Primary LanguageMATLAB

** This software package is developed for the following paper:
       Da Kuang, Chris Ding, Haesun Park,
       Symmetric Nonnegative Matrix Factorization for Graph Clustering,
       The 12th SIAM International Conference on Data Mining (SDM '12), pp. 106--117.
   Please cite this paper if you find this software useful.

** Symmetric NMF (SymNMF) is defined as:
       min_H f(H) = ||A - HH'||_F^2 subject to H >= 0
   where the input A is a n*n symmetric matrix containing pairwise similarity values,
   and the output H is a n*k nonnegative matrix indicating clustering assignment.
   SymNMF can be used as a framework for graph clustering. It uses the same similarity
   matrix A as in spectral clustering, but imposes different constraint on H.

** All these Matlab functions are documented.
   Please find the helper texts at the beginning of each M-file.
   To get started, run the script test.m

** A summary of the functions in this software is listed below:
   symnmf_newton.m     - The core computational routine for SymNMF, accepting a similarity matrix as input
   symnmf_cluster.m    - A wrapper of symnmf_newton for graph clustering, accepting a data matrix as input
   scale_dist3.m       - Computes the affinity matrix of a dense graph with Gaussian similarity
   scale_dist3_knn.m   - Computes the affinity matrix of a sparse graph with Gaussian similarity
   inner_product_knn.m - Computes the affinity matrix of a sparse graph with inner product similarity
   dist2.m             - Computes a matrix of squared Euclidean distance values
   graph.data          - A simple graph clustering example
   test.m              - A test script running on the graph.data example

** Basic usage:
   To run SymNMF on a similarity matrix:                  H = symnmf_newton(A, k)
   To run SymNMF on a data matrix for graph clustering: idx = symnmf_cluster(X, k)
   Please refer to the documentation for more options.

** NOTE:

   The documentation (as well as the cited paper) differentiates the term
   'affinity matrix' and the term 'similarity matrix'.

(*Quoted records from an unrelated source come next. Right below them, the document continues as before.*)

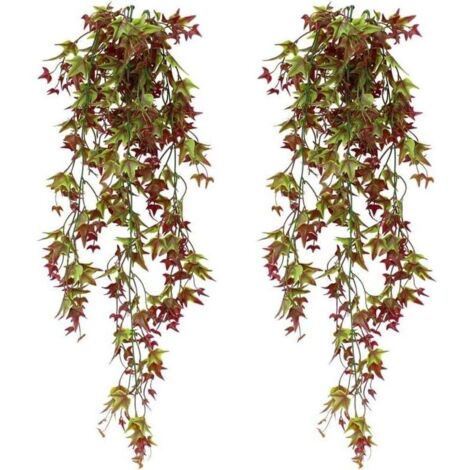 Künstliche Efeuranken, Hängepflanzen, für Zuhause, Garten, Büro, Innendekoration, Rot, 2 Stück
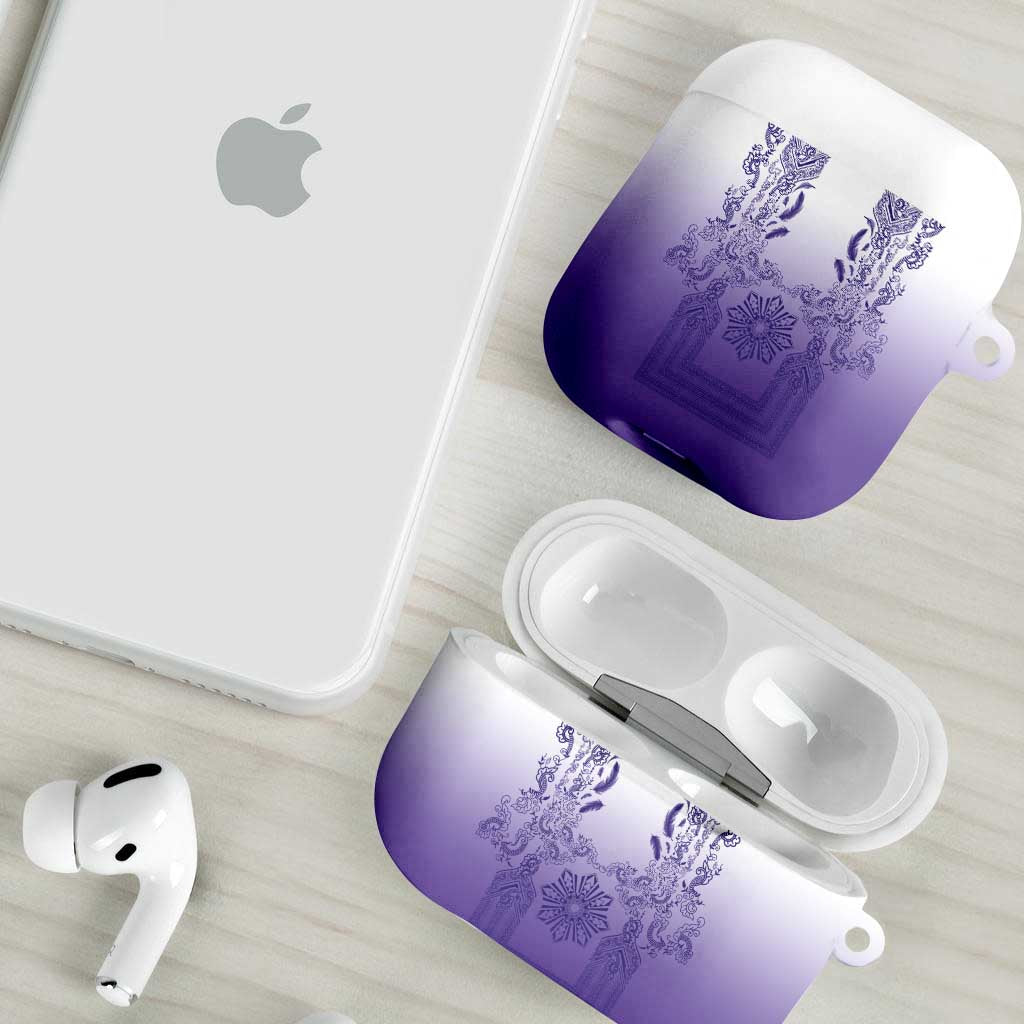 Philippines Barong Style AirPods Case with Polynesian Art and Leaf Motif Purple Color
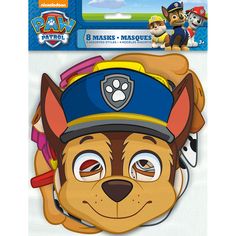 the paw patrol mask is on display in front of a white background with an image of a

   An affinity matrix contains the raw edge weights in a graph, whereas
   a similarity matrix is formed based on the affinity matrix and is
   directly fed into symnmf_newton.

   For example, 'scale_dist3', 'scale_dist3_knn', 'inner_product_knn'
   routines all compute the affinity matrix; the similarity matrix in
   normalized cut is a normalized version of the affinity matrix.